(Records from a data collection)
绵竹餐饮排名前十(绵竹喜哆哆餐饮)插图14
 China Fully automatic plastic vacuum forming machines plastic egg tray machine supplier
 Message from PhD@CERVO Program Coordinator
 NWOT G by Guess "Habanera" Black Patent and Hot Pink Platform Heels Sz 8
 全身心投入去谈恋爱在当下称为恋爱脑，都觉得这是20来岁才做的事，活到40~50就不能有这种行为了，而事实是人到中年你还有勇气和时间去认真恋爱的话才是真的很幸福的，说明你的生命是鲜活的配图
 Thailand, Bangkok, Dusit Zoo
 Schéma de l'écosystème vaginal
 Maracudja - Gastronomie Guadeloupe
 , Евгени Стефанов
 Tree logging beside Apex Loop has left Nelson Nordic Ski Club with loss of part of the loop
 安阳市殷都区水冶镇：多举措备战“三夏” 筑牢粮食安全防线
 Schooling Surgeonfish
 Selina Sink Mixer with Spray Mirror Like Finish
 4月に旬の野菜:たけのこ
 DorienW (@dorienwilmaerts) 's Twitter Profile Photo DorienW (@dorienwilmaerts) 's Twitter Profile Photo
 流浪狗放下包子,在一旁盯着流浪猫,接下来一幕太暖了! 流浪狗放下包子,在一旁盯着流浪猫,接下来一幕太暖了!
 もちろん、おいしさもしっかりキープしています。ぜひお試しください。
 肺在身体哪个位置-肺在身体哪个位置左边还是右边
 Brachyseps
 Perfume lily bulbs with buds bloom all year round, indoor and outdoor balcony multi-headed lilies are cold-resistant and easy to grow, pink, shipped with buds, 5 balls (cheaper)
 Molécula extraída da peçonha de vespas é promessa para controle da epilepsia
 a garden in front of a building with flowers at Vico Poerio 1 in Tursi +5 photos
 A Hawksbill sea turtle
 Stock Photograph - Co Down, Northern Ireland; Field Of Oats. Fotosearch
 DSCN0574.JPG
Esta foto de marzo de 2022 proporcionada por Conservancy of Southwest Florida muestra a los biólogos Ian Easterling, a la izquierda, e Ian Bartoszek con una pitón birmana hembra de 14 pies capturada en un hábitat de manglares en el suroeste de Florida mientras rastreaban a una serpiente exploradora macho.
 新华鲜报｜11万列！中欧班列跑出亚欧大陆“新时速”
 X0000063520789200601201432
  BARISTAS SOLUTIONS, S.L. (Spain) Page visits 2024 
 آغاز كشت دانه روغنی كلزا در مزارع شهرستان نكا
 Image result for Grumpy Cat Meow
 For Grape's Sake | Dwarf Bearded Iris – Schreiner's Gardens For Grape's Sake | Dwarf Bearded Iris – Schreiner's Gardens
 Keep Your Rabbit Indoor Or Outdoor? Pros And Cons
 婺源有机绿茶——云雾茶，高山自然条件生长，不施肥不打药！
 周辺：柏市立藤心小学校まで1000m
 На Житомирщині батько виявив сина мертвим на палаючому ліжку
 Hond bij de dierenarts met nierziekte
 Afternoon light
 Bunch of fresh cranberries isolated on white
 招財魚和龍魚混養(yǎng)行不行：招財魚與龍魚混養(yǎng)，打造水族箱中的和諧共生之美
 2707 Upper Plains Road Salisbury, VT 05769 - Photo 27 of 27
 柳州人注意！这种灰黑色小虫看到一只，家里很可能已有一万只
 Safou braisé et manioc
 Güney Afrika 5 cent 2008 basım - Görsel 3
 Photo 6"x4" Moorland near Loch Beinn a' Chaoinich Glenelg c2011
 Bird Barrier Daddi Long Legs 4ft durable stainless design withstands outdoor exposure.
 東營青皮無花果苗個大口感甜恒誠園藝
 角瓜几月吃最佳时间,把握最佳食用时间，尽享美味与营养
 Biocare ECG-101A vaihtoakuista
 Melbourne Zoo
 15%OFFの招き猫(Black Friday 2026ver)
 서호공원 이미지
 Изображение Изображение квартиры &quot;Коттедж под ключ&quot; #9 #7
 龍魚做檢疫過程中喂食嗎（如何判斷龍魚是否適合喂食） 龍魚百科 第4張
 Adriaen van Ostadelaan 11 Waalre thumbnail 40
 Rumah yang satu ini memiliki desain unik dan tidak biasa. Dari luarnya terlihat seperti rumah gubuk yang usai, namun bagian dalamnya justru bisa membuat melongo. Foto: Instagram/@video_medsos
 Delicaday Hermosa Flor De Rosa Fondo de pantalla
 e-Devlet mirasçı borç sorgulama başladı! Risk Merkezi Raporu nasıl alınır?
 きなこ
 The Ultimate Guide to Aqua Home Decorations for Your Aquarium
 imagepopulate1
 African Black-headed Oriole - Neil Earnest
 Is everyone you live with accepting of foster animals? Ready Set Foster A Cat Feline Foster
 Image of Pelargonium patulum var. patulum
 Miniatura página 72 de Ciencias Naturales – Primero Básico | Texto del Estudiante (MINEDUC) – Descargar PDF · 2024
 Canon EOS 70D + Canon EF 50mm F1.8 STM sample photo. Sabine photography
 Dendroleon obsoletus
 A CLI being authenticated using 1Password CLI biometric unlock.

- WORK ORDER
Repeat every entry word for word.

- PROBLEM SOLUTION
绵竹餐饮排名前十(绵竹喜哆哆餐饮)插图14
 China Fully automatic plastic vacuum forming machines plastic egg tray machine supplier
 Message from PhD@CERVO Program Coordinator
 NWOT G by Guess "Habanera" Black Patent and Hot Pink Platform Heels Sz 8
 全身心投入去谈恋爱在当下称为恋爱脑，都觉得这是20来岁才做的事，活到40~50就不能有这种行为了，而事实是人到中年你还有勇气和时间去认真恋爱的话才是真的很幸福的，说明你的生命是鲜活的配图
 Thailand, Bangkok, Dusit Zoo
 Schéma de l'écosystème vaginal
 Maracudja - Gastronomie Guadeloupe
 , Евгени Стефанов
 Tree logging beside Apex Loop has left Nelson Nordic Ski Club with loss of part of the loop
 安阳市殷都区水冶镇：多举措备战“三夏” 筑牢粮食安全防线
 Schooling Surgeonfish
 Selina Sink Mixer with Spray Mirror Like Finish
 4月に旬の野菜:たけのこ
 DorienW (@dorienwilmaerts) 's Twitter Profile Photo DorienW (@dorienwilmaerts) 's Twitter Profile Photo
 流浪狗放下包子,在一旁盯着流浪猫,接下来一幕太暖了! 流浪狗放下包子,在一旁盯着流浪猫,接下来一幕太暖了!
 もちろん、おいしさもしっかりキープしています。ぜひお試しください。
 肺在身体哪个位置-肺在身体哪个位置左边还是右边
 Brachyseps
 Perfume lily bulbs with buds bloom all year round, indoor and outdoor balcony multi-headed lilies are cold-resistant and easy to grow, pink, shipped with buds, 5 balls (cheaper)
 Molécula extraída da peçonha de vespas é promessa para controle da epilepsia
 a garden in front of a building with flowers at Vico Poerio 1 in Tursi +5 photos
 A Hawksbill sea turtle
 Stock Photograph - Co Down, Northern Ireland; Field Of Oats. Fotosearch
 DSCN0574.JPG
Esta foto de marzo de 2022 proporcionada por Conservancy of Southwest Florida muestra a los biólogos Ian Easterling, a la izquierda, e Ian Bartoszek con una pitón birmana hembra de 14 pies capturada en un hábitat de manglares en el suroeste de Florida mientras rastreaban a una serpiente exploradora macho.
 新华鲜报｜11万列！中欧班列跑出亚欧大陆“新时速”
 X0000063520789200601201432
  BARISTAS SOLUTIONS, S.L. (Spain) Page visits 2024 
 آغاز كشت دانه روغنی كلزا در مزارع شهرستان نكا
 Image result for Grumpy Cat Meow
 For Grape's Sake | Dwarf Bearded Iris – Schreiner's Gardens For Grape's Sake | Dwarf Bearded Iris – Schreiner's Gardens
 Keep Your Rabbit Indoor Or Outdoor? Pros And Cons
 婺源有机绿茶——云雾茶，高山自然条件生长，不施肥不打药！
 周辺：柏市立藤心小学校まで1000m
 На Житомирщині батько виявив сина мертвим на палаючому ліжку
 Hond bij de dierenarts met nierziekte
 Afternoon light
 Bunch of fresh cranberries isolated on white
 招財魚和龍魚混養(yǎng)行不行：招財魚與龍魚混養(yǎng)，打造水族箱中的和諧共生之美
 2707 Upper Plains Road Salisbury, VT 05769 - Photo 27 of 27
 柳州人注意！这种灰黑色小虫看到一只，家里很可能已有一万只
 Safou braisé et manioc
 Güney Afrika 5 cent 2008 basım - Görsel 3
 Photo 6"x4" Moorland near Loch Beinn a' Chaoinich Glenelg c2011
 Bird Barrier Daddi Long Legs 4ft durable stainless design withstands outdoor exposure.
 東營青皮無花果苗個大口感甜恒誠園藝
 角瓜几月吃最佳时间,把握最佳食用时间，尽享美味与营养
 Biocare ECG-101A vaihtoakuista
 Melbourne Zoo
 15%OFFの招き猫(Black Friday 2026ver)
 서호공원 이미지
 Изображение Изображение квартиры &quot;Коттедж под ключ&quot; #9 #7
 龍魚做檢疫過程中喂食嗎（如何判斷龍魚是否適合喂食） 龍魚百科 第4張
 Adriaen van Ostadelaan 11 Waalre thumbnail 40
 Rumah yang satu ini memiliki desain unik dan tidak biasa. Dari luarnya terlihat seperti rumah gubuk yang usai, namun bagian dalamnya justru bisa membuat melongo. Foto: Instagram/@video_medsos
 Delicaday Hermosa Flor De Rosa Fondo de pantalla
 e-Devlet mirasçı borç sorgulama başladı! Risk Merkezi Raporu nasıl alınır?
 きなこ
 The Ultimate Guide to Aqua Home Decorations for Your Aquarium
 imagepopulate1
 African Black-headed Oriole - Neil Earnest
 Is everyone you live with accepting of foster animals? Ready Set Foster A Cat Feline Foster
 Image of Pelargonium patulum var. patulum
 Miniatura página 72 de Ciencias Naturales – Primero Básico | Texto del Estudiante (MINEDUC) – Descargar PDF · 2024
 Canon EOS 70D + Canon EF 50mm F1.8 STM sample photo. Sabine photography
 Dendroleon obsoletus
 A CLI being authenticated using 1Password CLI biometric unlock.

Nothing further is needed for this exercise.